● TASK DIRECTIONS
Copy the entries below word for word, but omit any pictures they contain.

● RECORDS SUPPLIED

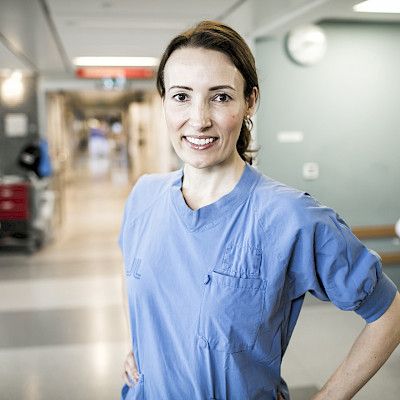 Pattitilanne huolettaa Ruotsin lääkäreitä
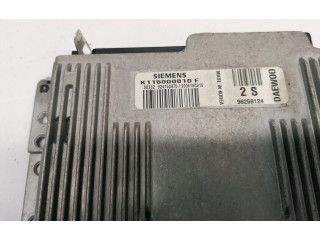 Řídící jednotka 96259124 Daewoo Matiz 1999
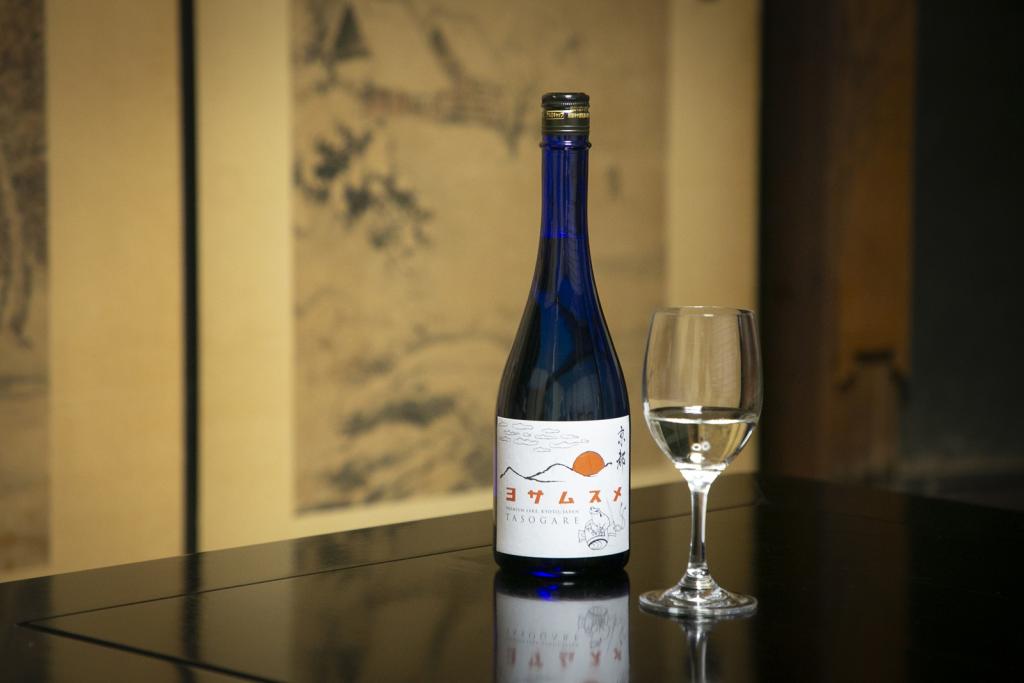 与謝娘酒造（与謝野町）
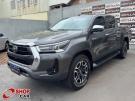 TOYOTA Hilux SRX D4-D 2.8TDi 16v 4X4 C.D. Cinza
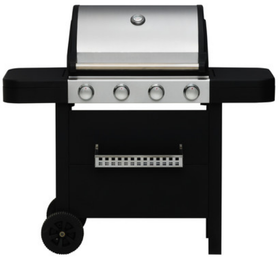 Mustang Kaasugrilli Atlanta 4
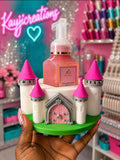Castle Foam Soap Holder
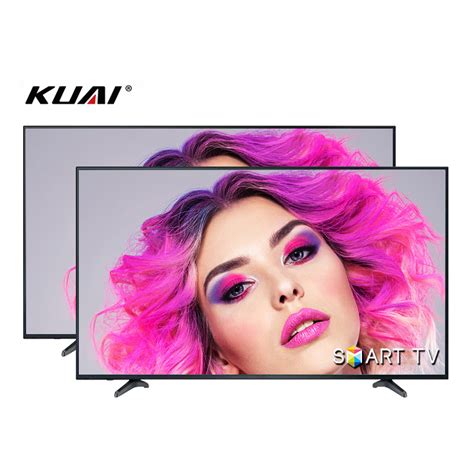 New Technology Best TV Flat Screen 4K LED Android Smart Television 65 ...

● ANSWER
 Pattitilanne huolettaa Ruotsin lääkäreitä
 Řídící jednotka 96259124 Daewoo Matiz 1999
 与謝娘酒造（与謝野町）
 TOYOTA Hilux SRX D4-D 2.8TDi 16v 4X4 C.D. Cinza
 Mustang Kaasugrilli Atlanta 4
Castle Foam Soap Holder
 New Technology Best TV Flat Screen 4K LED Android Smart Television 65 ...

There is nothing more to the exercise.